RNA extraction and RT-qPCR analysis

For gene expression validation, blood samples were collected from an additional set of five individuals each from Group I (NLNRA), and Group II and III of HLNRA. Samples from Group IV of HLNRA could not be collected. All the samples were healthy males in the age group of 25–53 years (Supplementary Table S5). PBMCs were isolated, total RNA was extracted and was reverse transcribed to cDNA as detailed in Nishad and Ghosh77. Real-Time quantitative Polymerase Chain Reaction (RT-qPCR) was performed on LC480 Real-Time PCR machine (Roche Diagnostics, GmbH, Germany). The SYBR GREEN chemistry (Roche Diagnostics Pvt. Ltd., GmbH, Germany) based analysis with 12.5 µl reaction volume was used to study mRNA expression. The primer sets were designed using the Universal Probe Library Assay Design Center of Roche and are given in Supplementary Table S6. The cycling conditions consisted of a pre-incubation step at 95 °C for 5 min, followed by 40 cycles of denaturation at 95 °C (10 s), annealing at 60 °C (30 s) and extension at 72 °C (30 s). The Ct (cycle threshold) of the target gene was normalized to that of two reference genes (β-actin and GAPDH). As per MIQE guidelines66, stable expression of reference genes was first validated in our experimental conditions in three individuals randomly selected from the study samples.

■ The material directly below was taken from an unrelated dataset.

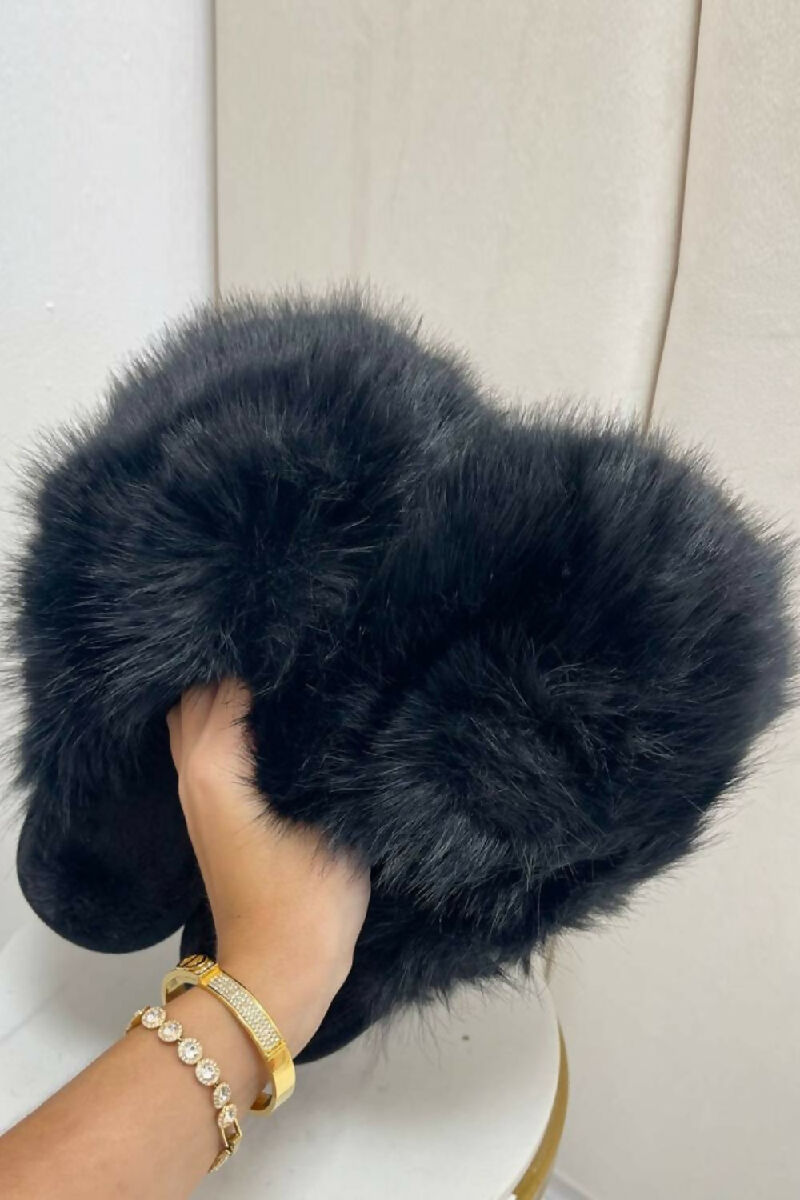 EXTREME COSY OVERSIZED BLACK FLUFFY FUR WINTER SLIPPERS (PACK OF 24 PAIRS UK3-UK8) - jqwholesale.com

Melting curve analysis was performed for each primer set to confirm product-specific amplification. The relative change in gene expression was analyzed with the 2−∆∆Ct method by Livak and Schmittgen78. Statistical analysis was performed using Student’s t-test. Data are represented as mean ± standard error of mean (SEM) from three replicates. P ≤ 0.05 was considered significant.